What you should do
Make an exact copy, from the records below, of the lines from the line containing "Buzz Lightyear, (masterpiece, best" to the line containing "Ilustración vectorial del mundo", both lines included, excluding pictures.

Task data
☆ ☆ ☆ ☆ ☆

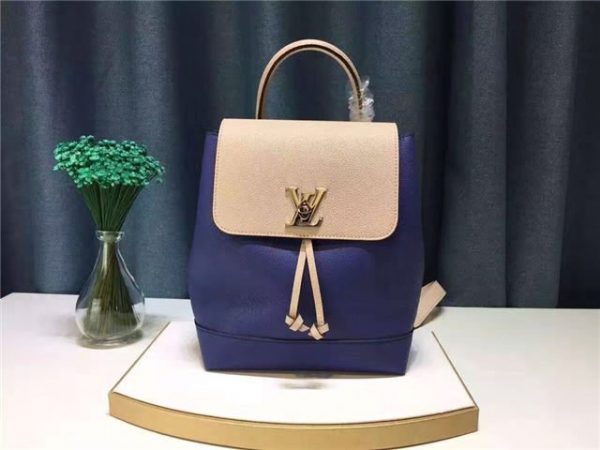 Louis Vuitton Lockme Backpack Denim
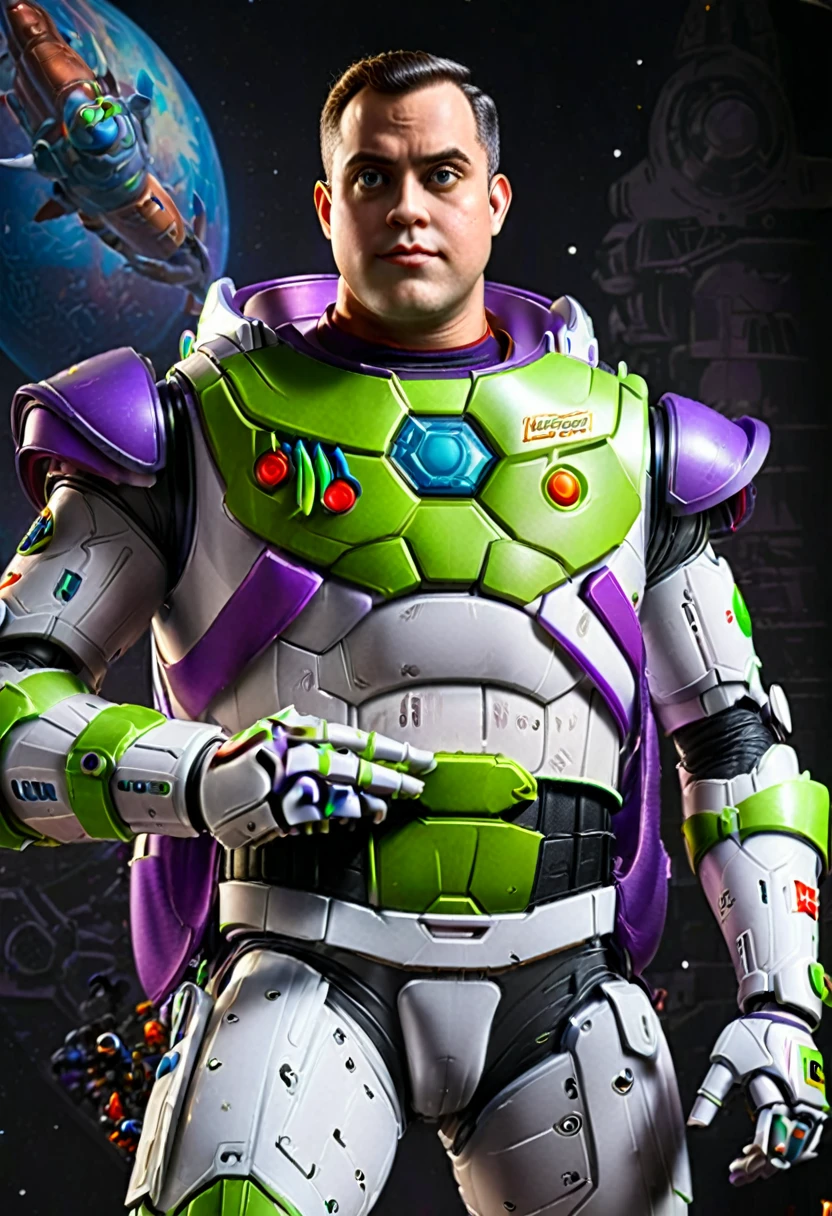 Buzz Lightyear, (masterpiece, best quality, Professional, perfect composition, very aesthetic, absurdres, ultra-detailed, intricate details:1.3)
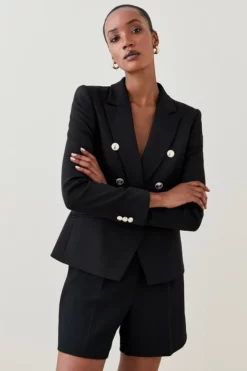 Cheapest โ Karen Millen Tailored Button Military Blazer ๐คฉ 10 Cheapest โ Karen Millen Tailored Button Military Blazer ๐คฉ -Workwear Shop akk96245 black xl 2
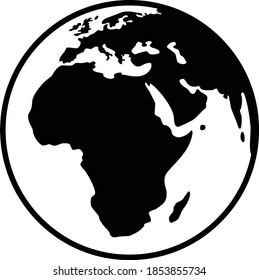 Ilustración vectorial del mundo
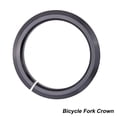 thumbnail image 2 of Bike Tapered Fork Open Crown Race Replacement Headset Base Ring for 1.5'' Fork, 2 of 7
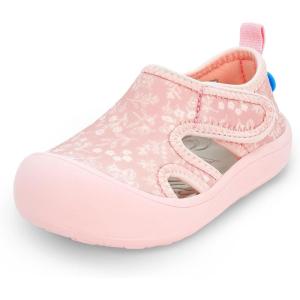 JAN & JUL Quick Dry Beach Sandals for Toddlers and Kids(Pink Prairie)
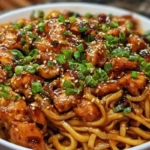 Sticky Garlic Chicken Noodles
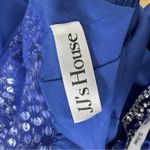 JJ House Royal Blue Rhinestone Studded Prom Gown Maxi Dress Womens XXL Formal Size 2X Photo 10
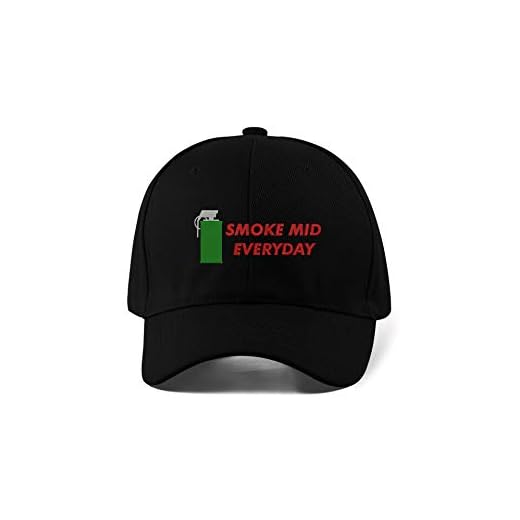 Smoke Mid Everyday Geek Gamer Broderad Basebollkeps Pappa Hatt Keps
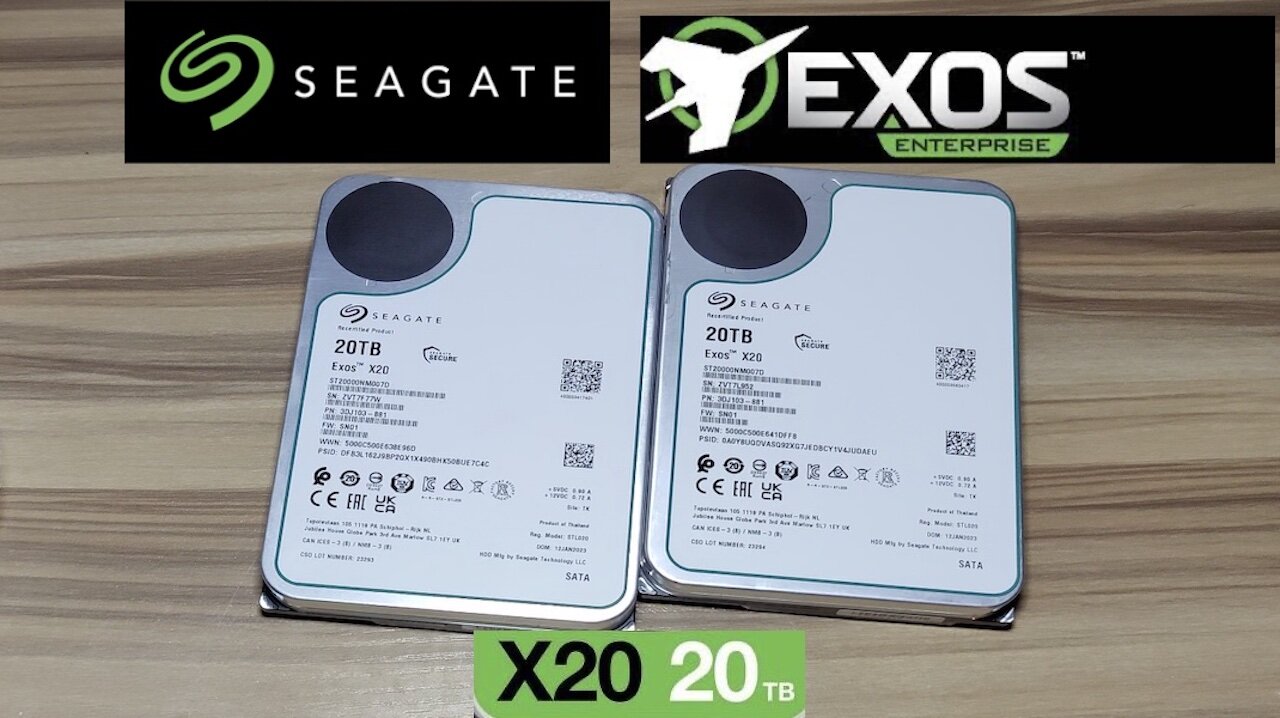 Seagate Exos X20 20TB Sata HDD External Hard Drive Set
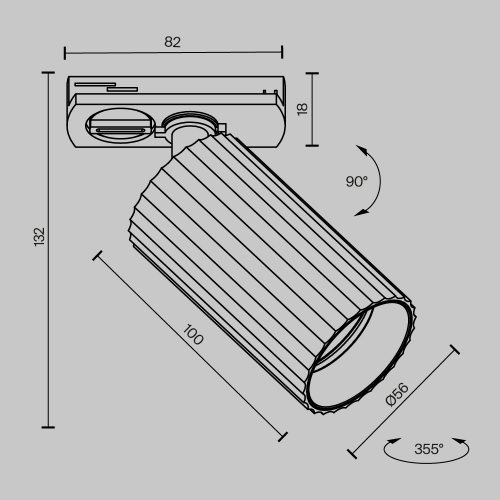 Technical TR218-1-GU10-W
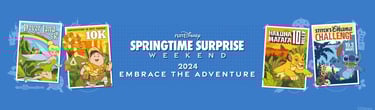 2024 runDisney Springtime Surprise Course Maps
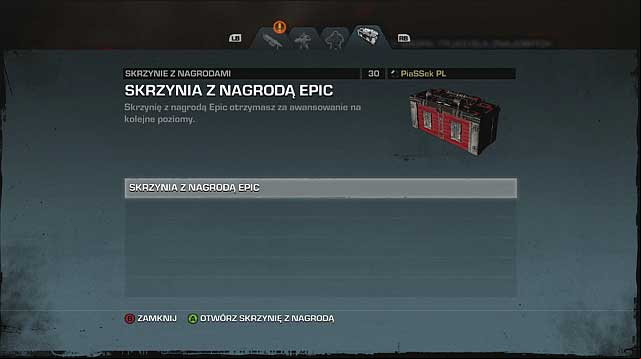 There are three types of PrizeBoxes in the game, earned for various activities and progresses - PrizeBoxes - Other - Gears of War: Judgment - Game Guide and Walkthrough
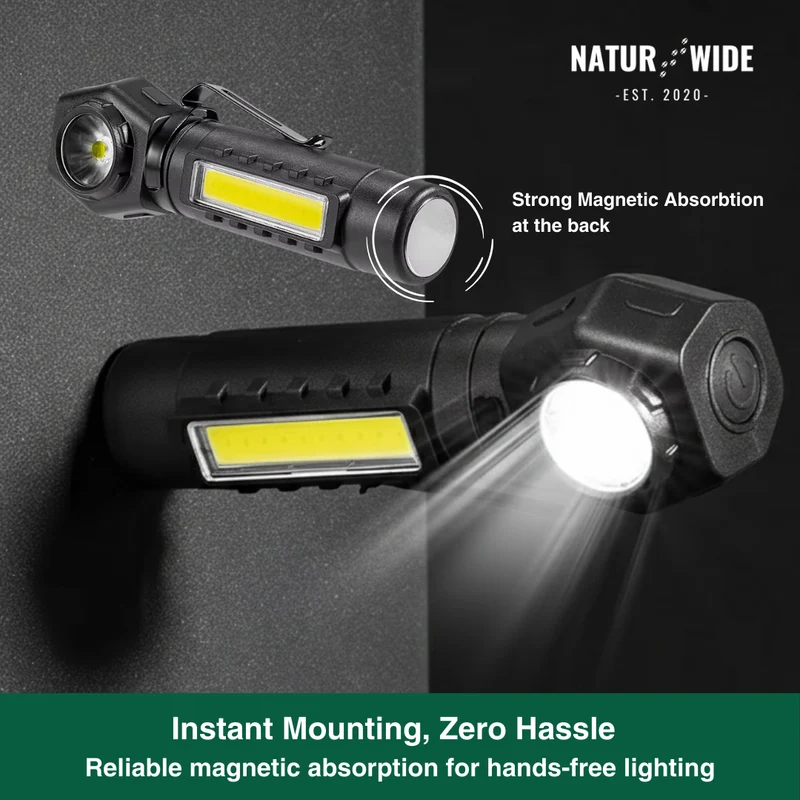 Multifunctional 2-in-1 LED Flashlight & Headlamp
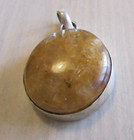 Sterling Silver and Amber Pendant +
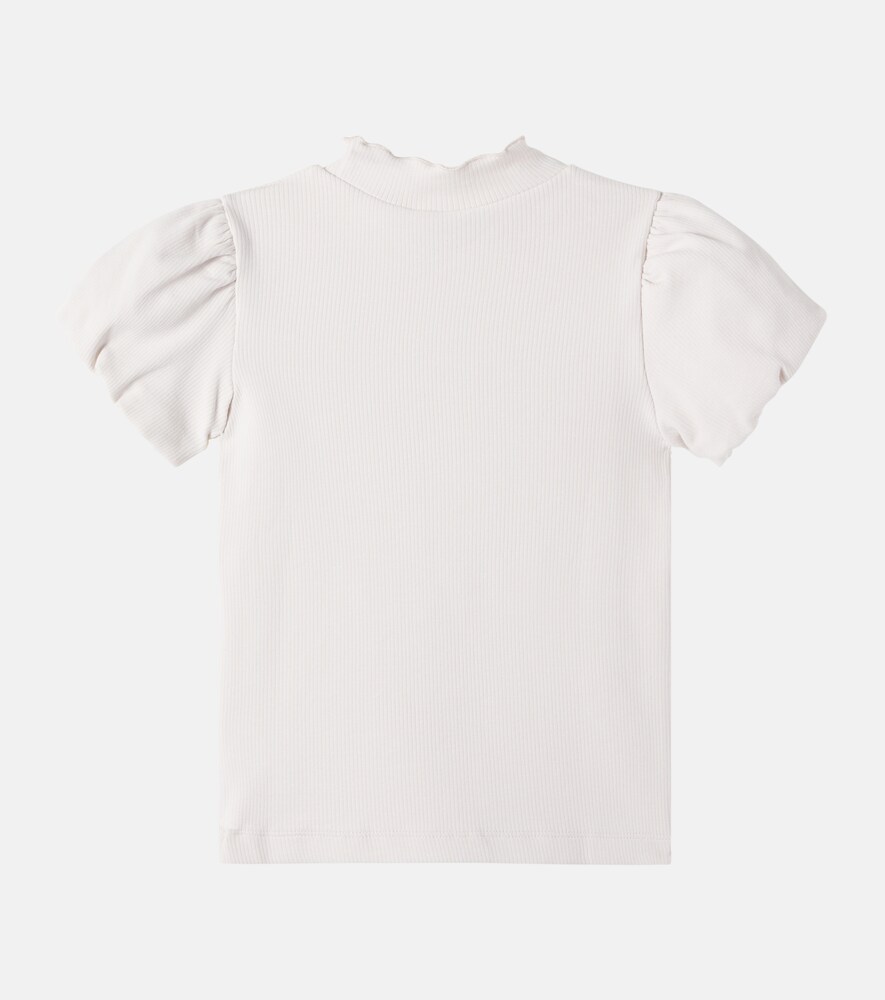  Donsje Donsje Besticktes T-shirt Novien Aus Rippstrick 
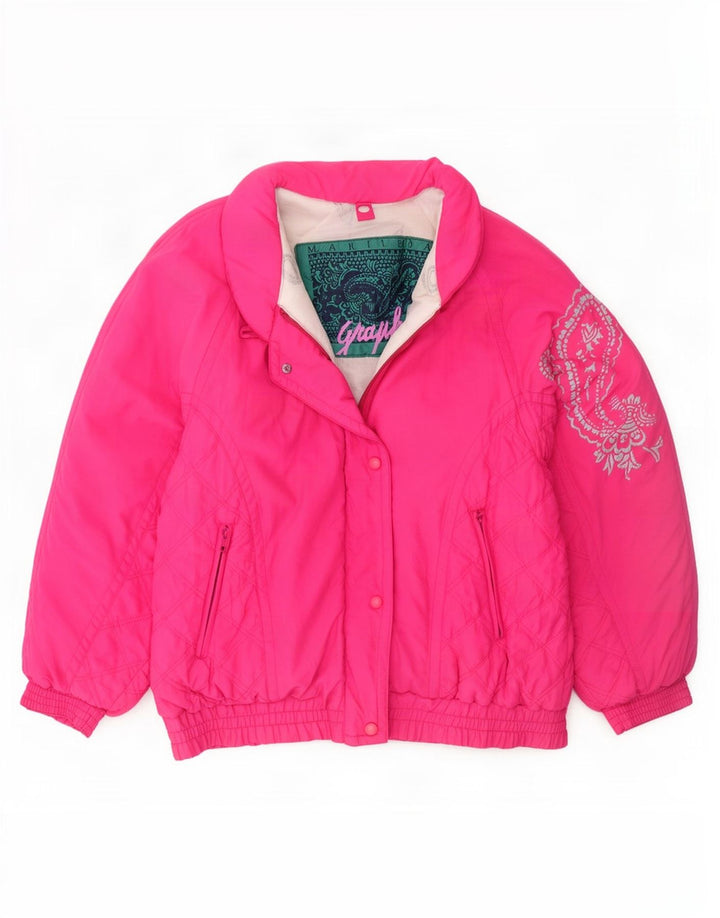 MARILENA Veste de Ski Graphique Femme IT 44 Rose Moyen Paisley Polyamide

☆ ☆ ☆ ☆ ☆

Finished exercise
 Buzz Lightyear, (masterpiece, best quality, Professional, perfect composition, very aesthetic, absurdres, ultra-detailed, intricate details:1.3)
 Cheapest โ Karen Millen Tailored Button Military Blazer ๐คฉ 10 Cheapest โ Karen Millen Tailored Button Military Blazer ๐คฉ -Workwear Shop akk96245 black xl 2
 Ilustración vectorial del mundo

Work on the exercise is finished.